In September, I had the privilege of speaking on a panel at The New York City Bar Association titled “Securing Democracy For Tomorrow.” Moderated by United States Magistrate Judge Katharine Parker, the event focused on the importance of civic education. To start things off, Dawn Smalls, a partner at Jenner & Block, introduced the keynote speaker, Schools Chancellor David Banks. David is a strong supporter of civic education and its capacity to empower students as change agents that have a genuine, lasting effect in their communities. He shared powerful firsthand examples from his career, in which he witnessed the impact of student activism as a positive force for social change in some of our most underserved neighborhoods.

For over 30 years, Proskauer lawyers have worked with students from Francis Lewis High School in Queens to help prepare them for moot court competitions. This year’s program was unlike any other with practices held over Zoom from living rooms and bedrooms across the City; and, instead of walking up to the lectern at the Thurgood Marshall Courthouse, a grand classical revival landmark in lower Manhattan, each student argued at home in front of a laptop. Despite the challenging situation, the competitors made it to the semi-finals of this year’s Metropolitan Mentor Moot Court competition for the first time in ten years.

The night before their moot court competition, the students of Francis Lewis High School were nervous. For nearly two months, twenty students practiced twice weekly, two hours at a time, in front of a rotating group of eight Proskauer attorney coaches. The students read numerous Supreme Court cases and incorporated those cases into an oral argument on behalf of fictional clients. The pretend fact pattern the students were given concerned the constitutionality of a stop-and-frisk of a young woman in a high crime area.  The students’ progress over the two months was palpable. At the beginning, the students spoke for a fraction of the time that they were allotted, their arguments lacked persuasiveness and organization as they spoke reluctantly, with awkward pauses and giggles you might expect from nervous teenagers.  But session after session, those issues vanished.

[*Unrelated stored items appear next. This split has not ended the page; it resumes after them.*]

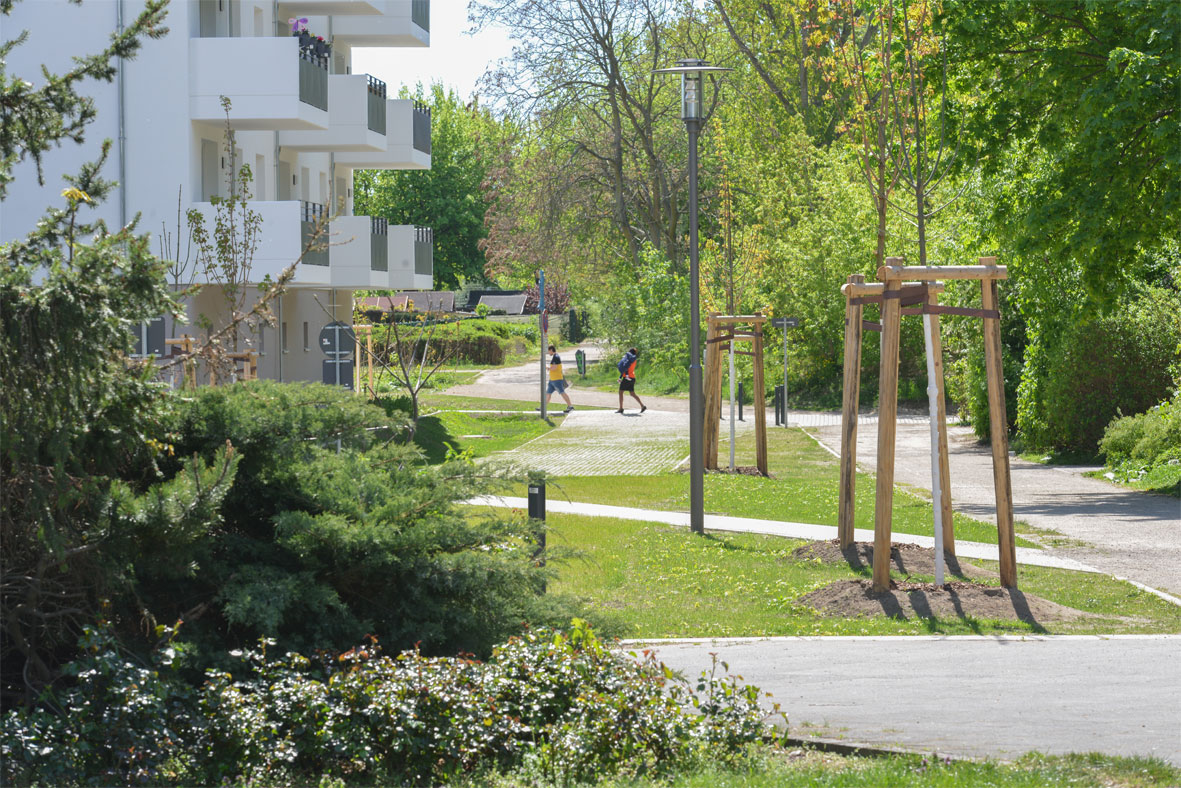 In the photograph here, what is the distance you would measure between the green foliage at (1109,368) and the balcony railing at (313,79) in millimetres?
14138

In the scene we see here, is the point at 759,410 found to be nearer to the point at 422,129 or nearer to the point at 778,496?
the point at 778,496

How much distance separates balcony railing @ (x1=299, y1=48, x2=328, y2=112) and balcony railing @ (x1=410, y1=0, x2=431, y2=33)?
19.2 feet

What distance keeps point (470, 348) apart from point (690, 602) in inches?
2137

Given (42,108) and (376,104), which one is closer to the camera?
(42,108)

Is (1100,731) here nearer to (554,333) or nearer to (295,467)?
(295,467)

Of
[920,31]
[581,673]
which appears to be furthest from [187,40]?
[581,673]

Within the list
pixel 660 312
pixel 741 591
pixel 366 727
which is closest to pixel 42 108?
pixel 366 727

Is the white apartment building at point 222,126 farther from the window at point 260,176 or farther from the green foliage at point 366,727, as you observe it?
the green foliage at point 366,727

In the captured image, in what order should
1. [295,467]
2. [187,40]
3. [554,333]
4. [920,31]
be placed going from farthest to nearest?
1. [554,333]
2. [187,40]
3. [920,31]
4. [295,467]

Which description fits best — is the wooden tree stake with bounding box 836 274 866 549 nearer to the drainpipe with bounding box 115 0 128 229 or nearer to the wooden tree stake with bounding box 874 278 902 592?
the wooden tree stake with bounding box 874 278 902 592

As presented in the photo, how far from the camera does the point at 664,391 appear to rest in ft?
152

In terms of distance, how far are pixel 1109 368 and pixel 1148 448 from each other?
12.6 ft

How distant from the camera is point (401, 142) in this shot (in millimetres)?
31953

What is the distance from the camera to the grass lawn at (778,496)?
51.1 feet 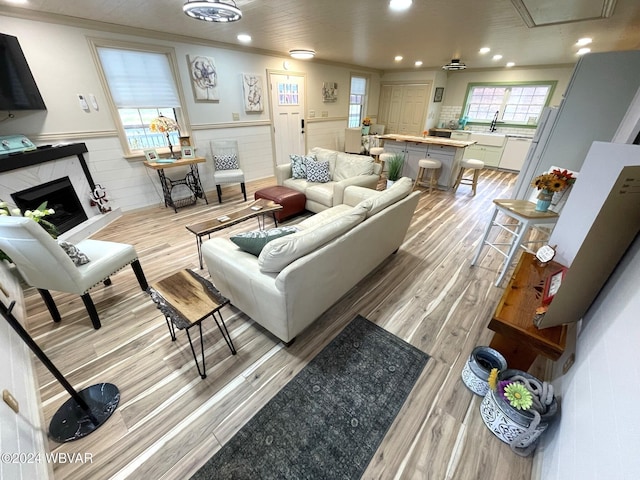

The students mastered the make-believe fact pattern which at first seemed so complicated.  The formalities of arguing before a panel of judges – which at first seemed daunting – were now innate. And the attorney coaches had become their close mentors and friends.  But the night of the competition, eating cookies around a Proskauer conference room with their coaches, the nerves were back in full force. “What if we can’t remember a case? What if we go blank? What if we embarrass ourselves? What if we lose?”